В толпе стали переглядываться.
– Не, нету! – был ответ.
– Что же, – Залежный вздохнул, – видимо, придётся зайти и к ним, поглядеть, что да как…
– Зайдите, зайдите, Кирилл Мефодич, – заговорила соседка Павлика. – Я сегодня рано поутру видала Раиску Дубилину, мать Павла, так она была сама не своя. Так плохо выглядела, так плохо… Говорит, нет пацана дома, всю ночь не было… не спала она толком – всё переживала, ждала. Вся прям осунулась, постарела, скукожилась… А ведь мальчик не так давно хворал – думали, что сляжет до конца лета. Ан нет! Выздоровел! За день-два как есть совсем выздоровел. И сразу куда-то убежал. И с тех пор он какой-то чудной ходит, как бы задумавшись… отречённый, что ли… И несколько раз не ночевал дома! Его уж и ругают и запрещают ему, а на следующее утро глядишь, его и след простыл. Опять умчался. Ничего не боятся, сорванята. Неслухи. И куда их только носит? Где отсиживаются? Чем питаются? Ведь дома-то практически не бывают, а значит, что ничего толком не едят. А на лицо-то всё вроде как ничего – румяные, сочные такие, спокойные… И вот теперь две ночи дома не было!
– А почему же не заявили в милицию? – спросил участковый. – Мне бы сказали.
– А чего заявлять-то? Ведь не впервой. Уже бывало, что не ночевали. Только не так долго. Что же теперь вот так вот сразу и заявлять? Вот так пойдёшь, а они – тут как тут! Потом хлопот не оберёшься.
– Может и так, – сказал Кирилл Мефодич. – Ладно, загляну я к ним, погляжу, что к чему.

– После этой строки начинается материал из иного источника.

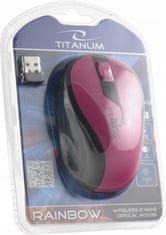 Titanum RAINBOW TM114P bežični optički miš roze boje
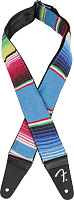 FENDER 2 SERAPE STRAP BLUE MULTI ремень гитарный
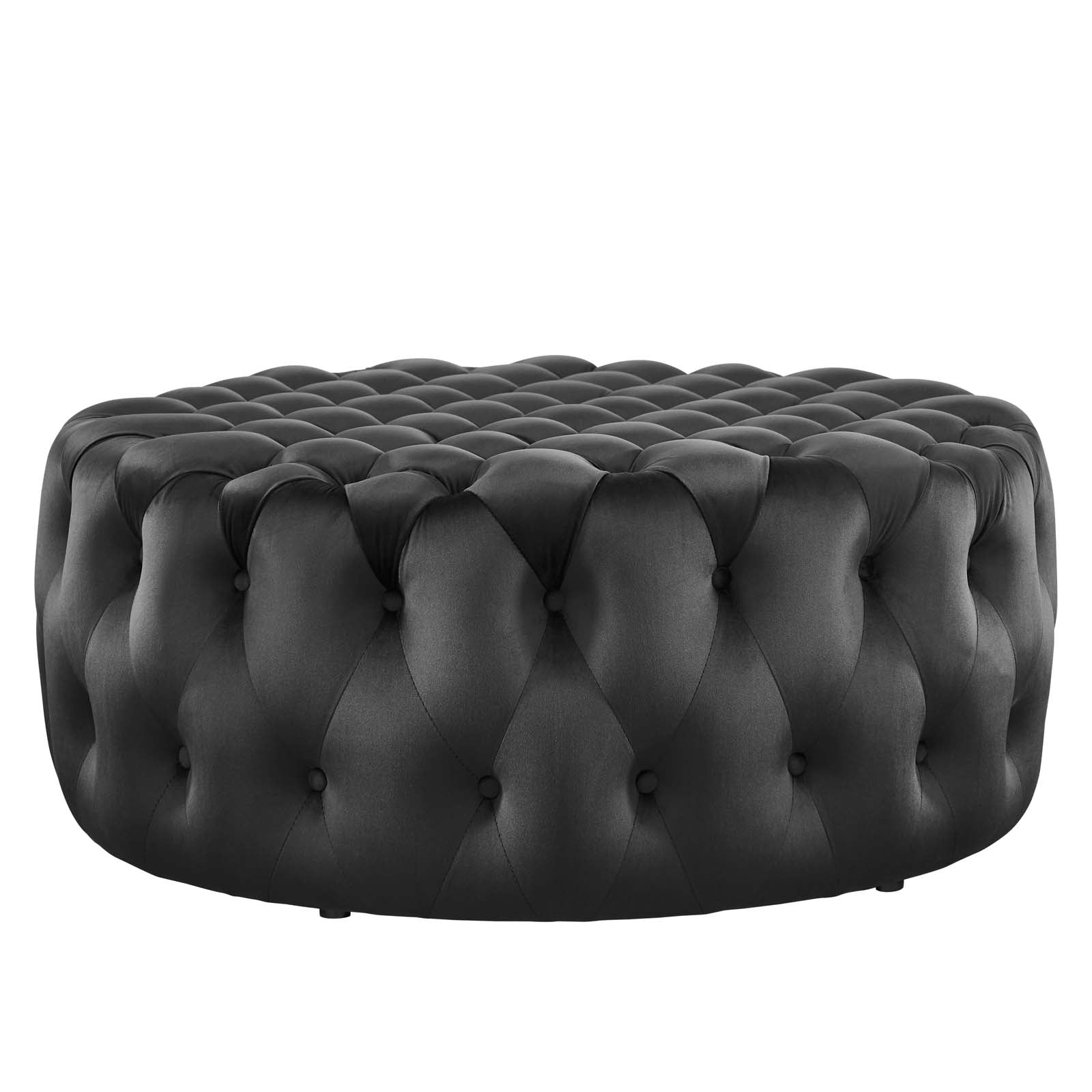Amour Tufted Button Large Round Performance Velvet Ottoman By Modway | Ottomans | 
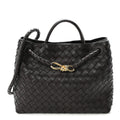 Nappa Intrecciato Medium Andiamo Shoulder Bag Fondant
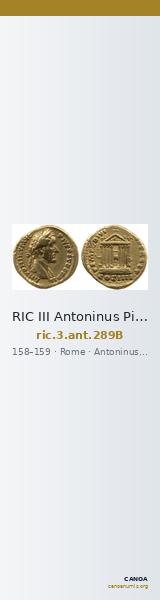 RIC III Antoninus Pius 289B — CANOA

– Загляните-загляните, а то мало ли что эти бесенята где творят, или ещё смогут натворить? Ведь недаром же, не просто так они постольку пропадают не известно где… да и ночевать им где-то да нужно, верно? А где, спрашивается? – Соседка Павлика осталась довольна собой: много и хорошо она сказала!
И все, соглашаясь с ней, закивали, и лица у людей были озабоченные, внимательные.
– А вы теперь куда? – послышалось из гущи народа.
– Я с доктором, с Марией Тимофеевной. Мы сейчас доедем до Лёвы, и она, может быть, его осмотрит. А потом… потом – будет видно.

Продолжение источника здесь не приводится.